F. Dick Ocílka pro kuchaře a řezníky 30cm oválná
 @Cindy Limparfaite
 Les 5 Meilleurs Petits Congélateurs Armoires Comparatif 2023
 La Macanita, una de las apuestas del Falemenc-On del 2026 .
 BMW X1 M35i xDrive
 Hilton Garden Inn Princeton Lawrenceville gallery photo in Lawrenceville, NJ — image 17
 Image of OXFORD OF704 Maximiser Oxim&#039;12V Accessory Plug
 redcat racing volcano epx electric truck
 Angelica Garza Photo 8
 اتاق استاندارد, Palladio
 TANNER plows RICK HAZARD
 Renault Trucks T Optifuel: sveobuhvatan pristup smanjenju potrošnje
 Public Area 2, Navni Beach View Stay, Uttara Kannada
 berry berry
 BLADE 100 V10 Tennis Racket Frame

------------------------------------------------------------

Reproduce exactly what appears from the line containing "BMW X1 M35i xDrive" down to the final line of the data.

» **EXERCISE ANSWER**:
 BMW X1 M35i xDrive
 Hilton Garden Inn Princeton Lawrenceville gallery photo in Lawrenceville, NJ — image 17
 Image of OXFORD OF704 Maximiser Oxim&#039;12V Accessory Plug
 redcat racing volcano epx electric truck
 Angelica Garza Photo 8
 اتاق استاندارد, Palladio
 TANNER plows RICK HAZARD
 Renault Trucks T Optifuel: sveobuhvatan pristup smanjenju potrošnje
 Public Area 2, Navni Beach View Stay, Uttara Kannada
 berry berry
 BLADE 100 V10 Tennis Racket Frame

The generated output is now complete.